The other-worldly “creatures” immortalised in Scottish free-diver and photographer Janeanne Gilchrist’s dramatic underwater artworks could have come straight off the set of a sci-fi movie.
They are simultaneously both beautiful and menacing.
But perhaps the most disturbing things about these “aliens” is that they’re very much real – if not actually alive – and lurking in the seas around Scotland.
The subjects are all items of man-made marine litter. Tangled ropes, plastic bags, discarded fishing gear, even an old sou’wester.
And they feature in a new exhibition by the Edinburgh-based artist, who has been capturing the secrets of Scotland’s aquatic world since she began free-diving – without breathing equipment – 17 years ago.
“I have always had a fascination with the sea,” she said. “I love to be beside it, in it, on top or under it. I find it therapeutic – salt water washes away the humdrum of daily life and it boosts my creativity.
“As a child I always wanted to be an explorer and dreamt about galaxies far away.

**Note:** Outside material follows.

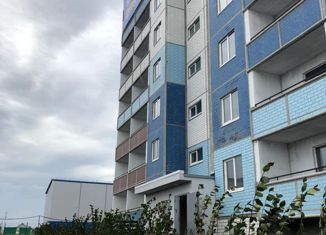 Продам 1-ком. квартиру, 37 м2, село Подстёпки, Полевая улица, 44/1, ЖК Альбатрос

“Now I have discovered my galaxy right on my doorstep – floating in a moving current is the closest you can get to flying in outer space, and this makes part of my work.”
Gilchrist dives with her partner Will Beeslaar, exploring all around the Scottish coastline from St Abb’s to the Moray Firth, Dunnet Bay and the Isle of Skye.
To survive the chilly waters she wears a 7mm thick rubber suit, gloves and socks, which allow her to stay in the sea for up to four hours.
Unencumbered by scuba oxygen tanks, her only equipment is a weight belt, a snorkel, a low-profile mask, flippers and a marker buoy for safety – and of course her camera, enclosed in a waterproof casing.
She dives down to 15m deep, holding her breath for as much as two minutes at a time while she gets the shots she wants.
Gilchrist’s portfolio is diverse and includes stunning images of all sorts of sealife.
But in recent years she has become increasingly concerned about the levels of rubbish polluting the marine environment and felt moved to turn her creative attention to the crisis.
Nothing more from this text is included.